И вот я теперь нахожусь как раз в таком положении. Но суть в том, что это прошлое уже отравило меня, – я ужасаюсь пустоты, в которую иду, я не могу жить без смысла и без цели. А крыльев нет, которые подняли бы над болотом.
Слава вере, нас сгубившей, Слава юности погибшей, Незапятнанной позором…

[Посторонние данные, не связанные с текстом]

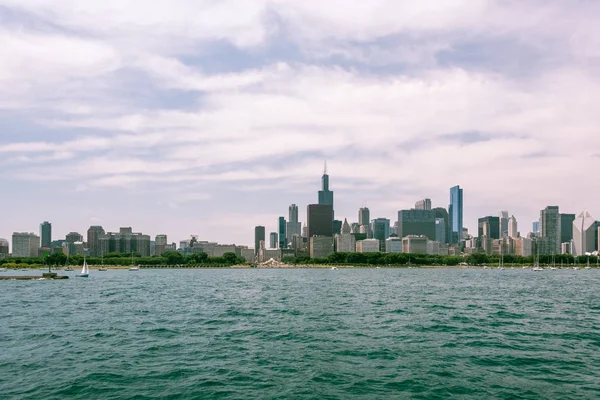ボートからシカゴ ダウンタウンのスカイライン ビュー — ストック写真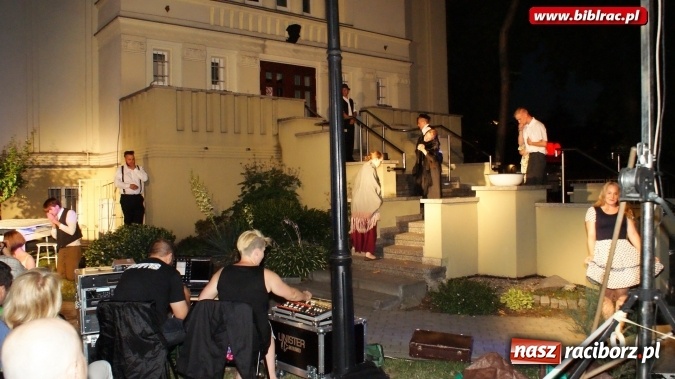 Zdjęcie w galerii na portalu naszraciborz.pl: PRAWIEK na schodach raciborskiej biblioteki  wiadomości z regionu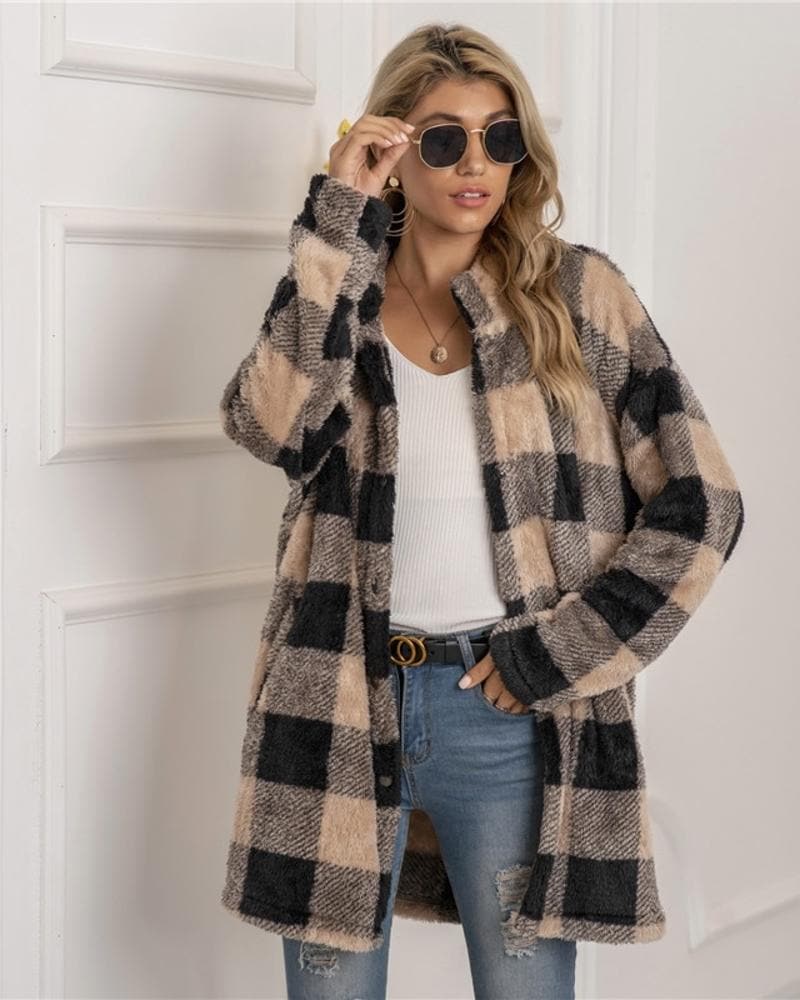 Laura - La veste à carreaux stylée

Да, я с горячим, страстным чувством вспоминаю ее, эту честную юность. Но слава ее схоронена, потому что схоронена сама юность, и ее не воскресить… Где же найти основание, на которое я мог бы теперь опереться? ЧтО может мне дать силу жить человеком? Философия? Религия? Из меня выкатывается душа, понимаете вы это? Душа выкатывается!.. Как ее удержать? Нет таких сил в жизни, нет таких сил в идеях и религии… Вся сила лишь в чувстве. Раз же оно исчезло, – то вздор все клятвы и обеты, все самопрезрение и тоска… Что же мне делать? Сергей брезгливо ответил: – Это ваше дело! К сожалению, я вам помочь ни в чем не могу. – О, Сергей Васильевич! Не относитесь к этому так презрительно! Уверяю вас, все это очень близко касается и вас самого! Еще сегодня вы говорили о том, как всякое колебание барометра отражается на вашей душе. Неужели вы думаете, что только один барометр обладает такою удивительною силою?.. Нет, Сергей Васильевич, вы так же, как и я, уж целиком находитесь во власти могучего «невидимого». Вы вот настойчиво проповедуете радость жизни и силу духа, а сами живете в темном мире нервной тоски и безволия. Вы утверждаете, что человек должен действовать из себя, что в таком случае он откроет в себе громадные богатства души, а все ваше богатство заключается лишь в поразительной черствости, самоуверенности и самовлюбленности. Только покамест все это скрашивается молодостью. А пройдет молодость – что от вас останется? Мы с вами одинаковые банкроты, мы одинаково слишком бедны и больны душою, чтоб расплатиться с громадными требованиями нашего разума… Есть другие люди, здоровые и сильные, люди нутра. Их можно убить, но невозможно расколоть надвое. Для них мысль, тем самым, что она – мысль, есть в то же время и действие… Вот вам тот человек, которого мы видели тогда у Варвары Васильевны. Мне кажется, такова и Таня. Ничего, что она так неразвита и узка, – в этом‑ то и есть ее сила!.. А наше с вами дело проиграно. Я это уже сознаю, вы еще не сознаете. Но недалеко время, когда перед вами встанет тот же вопрос… И над трупом Варвары Васильевны нужно этот вопрос решить честно и серьезно.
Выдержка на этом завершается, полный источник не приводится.